Rachel collapsed in the chair by the telephone. ‘What did you say?’ she whispered in agonised disbelief. ‘About his having been in prison?’

‘Oops. I suppose that’s something that never came up in your conversations. Of course, since he was charged as a minor the information is sealed by the records—so he would have no incentive to tell you, would he? I guess no man likes to admit to a new girlfriend that he served time for raping a fifteen-year-old…’

Rachel hardly heard the rest. Her hand was shaking so badly she dropped the receiver into the cradle and then staggered into the bathroom to be violently sick in the basin.

It couldn’t be true; it just couldn’t, she told her ghastly white face in the bathroom mirror. That would make everything he had told her—everything he was—everything that she loved—a lie!

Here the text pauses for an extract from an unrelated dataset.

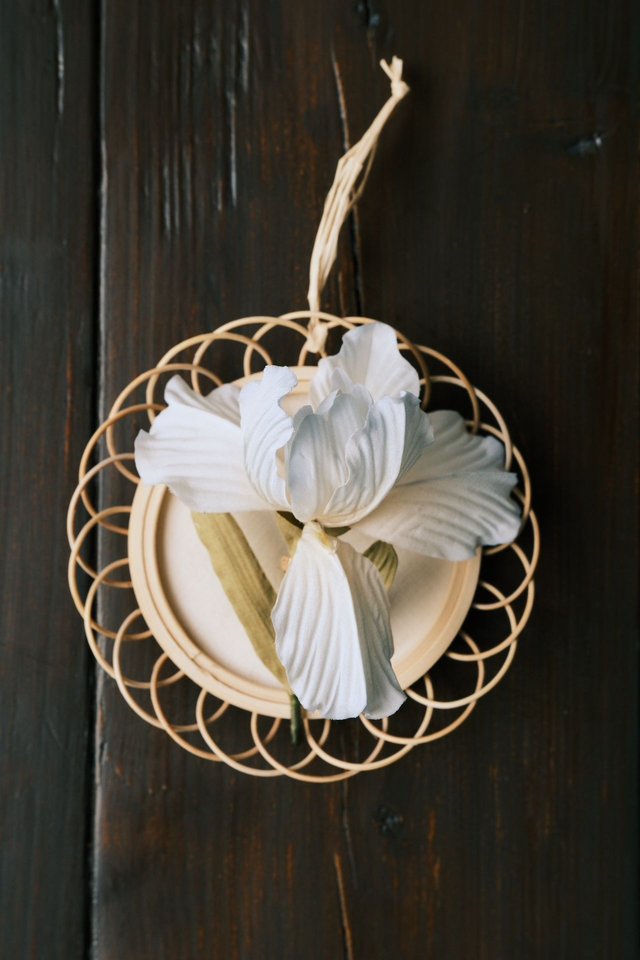 Iris wall decor &amp; pin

She looked down at the ring on her finger and shuddered, pulling it off and letting it clatter onto the bathroom cabinet.

The sound of the key in the door of the apartment gave her no time to reorder her splintered thoughts. Nor did she give Matt any time to take her in his arms for their usual greeting.

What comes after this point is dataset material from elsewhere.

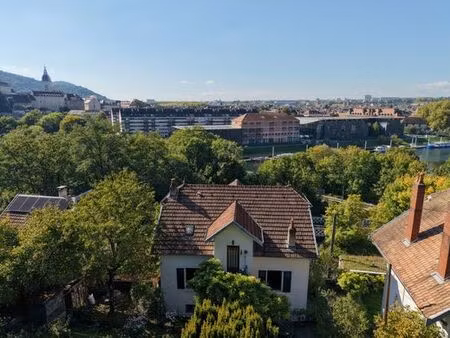 maison de luxe en vente à besançon  bourgogne-franche-comté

‘Neville called. He said—I—Please, just tell me it’s not true?’ she pleaded, the instant he walked in the door.

‘What isn’t true?’ Matt asked warily, his eyes on her distraught face as she backed away from his embrace.

‘That when you were young you were arrested for raping a girl—a fifteen-year-old girl. That you went to prison for it?’ She put a hand over her mouth to hold in the choked sobs.

To her sick horror Matt didn’t leap in with an instant denial. His face was suddenly as white as hers. ‘Rachel, it’s not what it seems—’

‘What it seems? Don’t tell me how it seems—I just want to know if it’s true!’ she demanded hysterically.

‘Rachel, I was going to tell you—’

‘Is it true?’ She screamed. ‘It’s a simple enough question: were you or were you not charged with rape?’

‘Yes, but—’

‘And you went to prison?’

‘Yes, I was remanded in custody, but—’

‘My God…’ Tears of shock and misery spurted out of her eyes. She felt as if she had been violated all over again. ‘My God, it’s all true…’

‘No! For God’s sake, Rachel, listen to me—I didn’t do it!’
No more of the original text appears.